Computer literacy should absolutely be universal in the adult population and hopefully universally under development in the entire juvenile population. I’m not sure programming literacy is the most important component of this literacy. While there’s more than a little truth to the old saw “program or be programmed,” I’m currently more concerned about the level of data literacy in the public. Public policy discourse around counterterrorism, law enforcement and so much more is full of talk about “inter-agency information sharing,” while consumer issues getting a lot of airplay include things like “privacy policies,” “data brokers” and datasets said to have been stripped of “personally identifiable data.” As an inoculation or public health measure I would recommend a high school course, strongly encouraged if not required, that introduces database concepts, perhaps using SQL (which seems to me to have a gentle and intuitive learning curve, but my mileage may be atypical). I would want this introduction to take the students at least as far as the concept of a table join. That is because this is (in my opinion) where the “magic” of SQL happens. This is why having access to two datasets confers more than twice as much informational power (and Information *is* power) than having access to one dataset. Exercises for the kind of data literacy course I’m proposing would ask questions such as,
- How would you go about trying to infer individual identities from records in this dataset which has been stripped of identifying information?
- How would you go about devising a system for calculating a numeric “score” for each of the [people, products, locations, etc.] in this dataset, where your goal is that higher scores might be predictive of higher probabilities of [a crime taking place, a loan going into arrears, a consumer making a purchase, etc.]
- How would you go about building a recommendation engine? Again, I’d like to see the emphasis less on the coding and more on the choice of what data, and data relationships, to work into the recommendations and in what way.
One more thing: Far too many of the programming courses I have taken (in conventional colleges and universities) rely far too heavily on quasi-business problems that are grossly oversimplified and unrealistic. I seem to remember a “write a simple reservation system for a simple hypothetical airline” or something. No wonder there’s no such thing as an entry-level job. I would hope that for the data literacy course the datasets would be empirical, which is to say, real world data. I would also hope that at least some of the datasets would be large-ish. Keeping in mind that (unfortunately for my purposes) information does NOT want to be free, some class assignments may be data collection assignments, perhaps sending the students out to conduct some surveys, or keep a food diary, or do some GPS-surveying or what have you.
I suppose, like many in my age cohort (older generation X) I was a very early adopter of the Internet and later the Web and tend to have “old school” attitudes about many of these things.
I think of web pages in general as possessing two cosmetically similar (sometimes identical) things that serve different functions. One is links (<a> elements). The other is text spans styled the same as links, whose destinations are onclick handlers rather than URL’s. I’m actually overjoyed that someone wishes to use this concept for good rather than shady.

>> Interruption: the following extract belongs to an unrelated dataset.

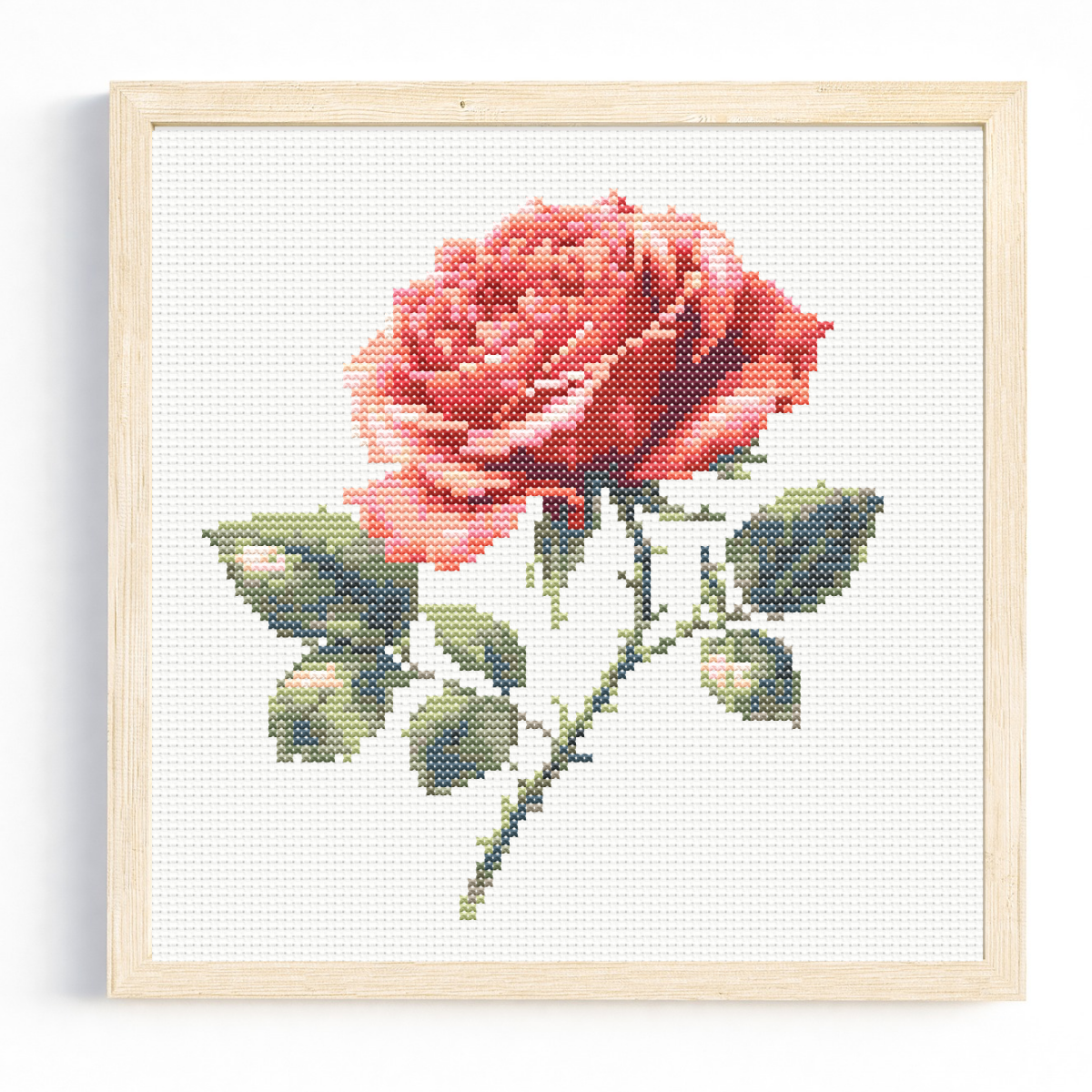 Watercolour Red Rose 1 Cross Stitch Pattern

But still, I’m old enough to remember that the original idea behind CSS was that styling should be the prerogative of the audience, not the developers. If it were as simple as one of my browser settings is a master CSS template to go over every page I visit, mine would be something like
As for the blank target thing, I only ever follow links by clicking right mouse button, then select “open link in new tab”. It’s a grooved reflex with me, largely grooved by the stuff described elsewhere in the present comment. Nothing like pain to train the brain. Other grooved reflex is ALWAYS hovering any link/pseudolink (as the case may be) before (even right) clicking. But Facebook et al even spoof the title attribute to ≠ the href.

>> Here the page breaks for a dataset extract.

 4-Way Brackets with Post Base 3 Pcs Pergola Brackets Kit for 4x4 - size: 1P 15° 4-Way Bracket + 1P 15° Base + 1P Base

I think my age cohort (so-called generation “X”) was the canary in the coal mine. I’m over 50 and haven’t yet managed to land a job that’s not part time and/or temporary. Maybe it’s because I’m from a working class background and didn’t know any better than choose a liberal arts major. Maybe it’s because I’m something like fifth percentile in communication skills. But now upper middle class kids, even ones with communication skills, are settling for precariat jobs, or worse, piecework gigs. So the problem gets attention. Whether that attention will include public policy action, I do not know. It may already be too late. Usually when something becomes a problem for the upper middle class it gets recognized as a problem, but we may have reached the point where the threshold for having an opinion that matters starts in the upper upper class range.
I learned in a recent discussion on Fecebook that the semantic web was discussed during the Telluride Tech Fest back in 2002.
I’m not a member of the professional classes and don’t attend conferences and the like, but I certainly remember “semantic web” being quite the buzzword for a season or so. I looked it up a few times but never figured out for sure what it refers to. Just now looked it up on Wikipedia. It seems that distribution of machine-readable data is a large part of it. It seems to me that to the extent that machine-readability itself is monetizable (and it seems to me to be VERY monetizable) it will not be freely distributed. To quote James Alexander Levy, “For information to be free, the coordinates of the information must be free.” You can have all the speedy and public trials in the public record (as required by the US Constitution) but if machine readability of the public record is proprietary, there will be a business model for Intelius-like malignancies to offer $35-a-pop peeks at “the public record.”
I once downloaded and played with a MediaWiki plugin called Semantic MediaWiki. I found its markup schema too finicky and too labor intensive to be useful. Perhaps if I had a data entry staff… And there you have it. Workers deserve to be paid, so work product deserves intellectual property protections. But with data entry as a line of work degraded all the way to Mechanical Turk level piecework pay, you’d think machine readability would be too cheap to meter.
Perhaps it is, in terms of production costs, but the strategic advantages of information asymmetry (including asymmetric levels of machine readability) far outweigh the monetization opportunities of selling access to machine readability. To offer semantic web functionality as a product would be to leave money on the table, so instead of semantic web we have “big data.”